== Data shown
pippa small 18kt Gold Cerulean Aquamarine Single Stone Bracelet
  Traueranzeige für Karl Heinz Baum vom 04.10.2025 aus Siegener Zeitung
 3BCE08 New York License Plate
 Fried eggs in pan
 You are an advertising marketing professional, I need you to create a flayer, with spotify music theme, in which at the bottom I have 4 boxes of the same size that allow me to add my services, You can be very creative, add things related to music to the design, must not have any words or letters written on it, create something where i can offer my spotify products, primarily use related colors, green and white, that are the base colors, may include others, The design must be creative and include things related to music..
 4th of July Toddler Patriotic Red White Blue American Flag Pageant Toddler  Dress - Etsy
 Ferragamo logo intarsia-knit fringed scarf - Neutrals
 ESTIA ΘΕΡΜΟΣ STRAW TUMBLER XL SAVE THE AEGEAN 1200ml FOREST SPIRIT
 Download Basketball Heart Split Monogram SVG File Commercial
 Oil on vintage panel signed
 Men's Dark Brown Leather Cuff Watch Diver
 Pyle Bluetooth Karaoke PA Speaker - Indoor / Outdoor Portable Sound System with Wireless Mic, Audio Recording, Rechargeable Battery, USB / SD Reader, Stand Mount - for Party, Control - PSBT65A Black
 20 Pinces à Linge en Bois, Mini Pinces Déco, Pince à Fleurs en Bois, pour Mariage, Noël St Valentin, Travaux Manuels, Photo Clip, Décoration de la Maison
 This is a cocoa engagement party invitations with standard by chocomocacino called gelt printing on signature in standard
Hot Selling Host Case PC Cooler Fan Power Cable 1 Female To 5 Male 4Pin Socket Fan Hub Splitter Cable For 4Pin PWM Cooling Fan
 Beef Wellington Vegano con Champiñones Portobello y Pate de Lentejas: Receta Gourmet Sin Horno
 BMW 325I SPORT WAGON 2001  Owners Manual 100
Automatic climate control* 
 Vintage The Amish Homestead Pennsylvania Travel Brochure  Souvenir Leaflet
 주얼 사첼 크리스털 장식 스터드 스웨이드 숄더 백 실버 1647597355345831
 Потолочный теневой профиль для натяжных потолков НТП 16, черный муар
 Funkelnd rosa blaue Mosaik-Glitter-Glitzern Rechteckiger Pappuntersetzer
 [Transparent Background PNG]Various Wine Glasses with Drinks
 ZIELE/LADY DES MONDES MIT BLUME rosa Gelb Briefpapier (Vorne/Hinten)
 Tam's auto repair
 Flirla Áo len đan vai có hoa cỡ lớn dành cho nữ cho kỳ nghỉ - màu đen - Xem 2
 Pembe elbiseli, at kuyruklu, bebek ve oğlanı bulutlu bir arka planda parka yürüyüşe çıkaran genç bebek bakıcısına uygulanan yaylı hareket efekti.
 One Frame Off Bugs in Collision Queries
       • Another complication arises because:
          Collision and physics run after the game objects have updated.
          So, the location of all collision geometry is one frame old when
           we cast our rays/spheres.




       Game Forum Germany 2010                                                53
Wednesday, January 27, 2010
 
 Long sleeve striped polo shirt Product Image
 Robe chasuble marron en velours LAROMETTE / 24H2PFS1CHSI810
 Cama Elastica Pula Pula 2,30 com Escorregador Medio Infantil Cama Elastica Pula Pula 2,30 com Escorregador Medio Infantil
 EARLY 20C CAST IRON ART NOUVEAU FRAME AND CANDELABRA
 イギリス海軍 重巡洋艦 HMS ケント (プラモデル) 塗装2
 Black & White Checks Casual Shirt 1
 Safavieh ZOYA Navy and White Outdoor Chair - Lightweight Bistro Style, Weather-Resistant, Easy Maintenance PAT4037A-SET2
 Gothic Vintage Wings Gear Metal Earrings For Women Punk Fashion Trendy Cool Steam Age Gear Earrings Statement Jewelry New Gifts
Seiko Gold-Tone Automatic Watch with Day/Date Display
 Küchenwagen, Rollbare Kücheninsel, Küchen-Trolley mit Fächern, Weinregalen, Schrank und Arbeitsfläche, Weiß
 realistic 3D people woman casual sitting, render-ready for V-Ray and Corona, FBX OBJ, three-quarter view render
====
• **Task instructions**
Within the listing above, the range opens at the line with "Wednesday, January 27, 2010" and closes at the line with "イギリス海軍 重巡洋艦 HMS ケント (プラモデル) 塗装2". Reproduce exactly the lines of that range, including both ends.

• **Answer space**
Wednesday, January 27, 2010
 
 Long sleeve striped polo shirt Product Image
 Robe chasuble marron en velours LAROMETTE / 24H2PFS1CHSI810
 Cama Elastica Pula Pula 2,30 com Escorregador Medio Infantil Cama Elastica Pula Pula 2,30 com Escorregador Medio Infantil
 EARLY 20C CAST IRON ART NOUVEAU FRAME AND CANDELABRA
 イギリス海軍 重巡洋艦 HMS ケント (プラモデル) 塗装2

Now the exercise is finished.